Sunday 14 December 2008

Writing in the Dark, By David Grossman

The Independent

Reviewed by Michael Glover

Sunday, 23 November 2008

The Israeli novelist David Grossman has always written from a position of impassioned embattlement. Born in the 1960s, he has matured as man and writer during the very same decades that Israel itself has been coming into being as a self-sufficient state and nation. His books have alternated between fiction and non-fiction, tacking between one and the other.
For Grossman, there is no possibility of creating a body of writing which is not intruded upon by politics. This new book, a slim volume of essays which characteristically shifts from fiction to politics and back again, reflects upon his own maturing as man and writer, and it continues to ask – as his fiction always asks – the most difficult and searching questions of the state to which he belongs.
In this book Grossman analyses his own fictional procedures.

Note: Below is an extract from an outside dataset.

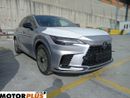 لكزس RX 500h 2024 F Sport 3 - European Spec - EXPORT ONLY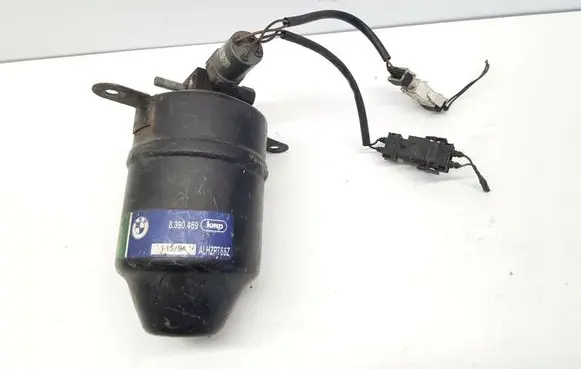 BMW 5 E34 Air conditioning (A/C) pressure sensor 8390536 nr7841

What has his writing been good for? How has it helped him to engage with the day to day realities of life in a fragile state surrounded by enemies? Fiction, he argues, has helped him to fight back against the entrenched belief that Israel is a victim. He speaks of claustrophobia, even of a sense of suffocation. How to rid oneself of such feelings? Writing about reality is one way of fighting back, of throwing off the miasma of fear, impotence, paranoia. Why? Because to tell a story is one way of organising the world, and by so doing one changes that world. It is to know yourself, and to know, to get level with, and even to encompass, that ever threatening Other. It is a way of coming to know that Other from within as yet another striving human being such as oneself; even to delve down as far as those parts of him "that deter and threaten".
This is a powerfully humanistic vision for fiction. It gives back to fiction a mighty role for good, if what Grossman says is true. "Literature," he thunders, "reminds us of our duty to demand from ourselves the right to individuality and uniqueness." The message sounds almost touchingly old-fashioned, that literature should be thought to be capable of offering us counsel and even be capable of healing us of our terrible, distorted perceptions of reality. Can literature really be that important?
Yes, says Grossman, to a novelist such as himself who grew up in an atmosphere of silence – the silence of the unspoken horrors of the Holocaust – and fragmented whispers; who grew up in a society haunted by the dread of death; who grew up in a society which has known strife, both internal and external, for the best part of 40 years, and which still longs for the easy sense of everydayness that more settled societies enjoy almost as a matter of course. Literature has its place of honour amid all this terrible fragility. Why? Because literature, at its best, individualises; it plucks the reader out of the anonymous masses. It "redeems for us the tragedy of the one from the statistics of the millions". '
This kind of vision has no time for the nonsense of abstruse theorising about the nature of fictive language. Literature is weaponry in a battle to the death against the forces of destruction and unreason.
Grossman's words have a tremendous, forceful eloquence about them, from first to last. They are a delight to read, and all the more so because his English is slightly fractured, slightly odd. Their power reminds one of the poems Miroslav Holub wrote under Communism. Here are writers witness to injustice, fighting back against the corrosive power of ossified attitudes and partial truths.
Will they still sing quite so impressively, and quite so eloquently, when Israel achieves that state of peaceful normality, that lovely continuum of existence for which Grossman longs with all his heart and soul? What will there be left to write about then? What will it be like to write without the quickening dread of the enemy at the gates?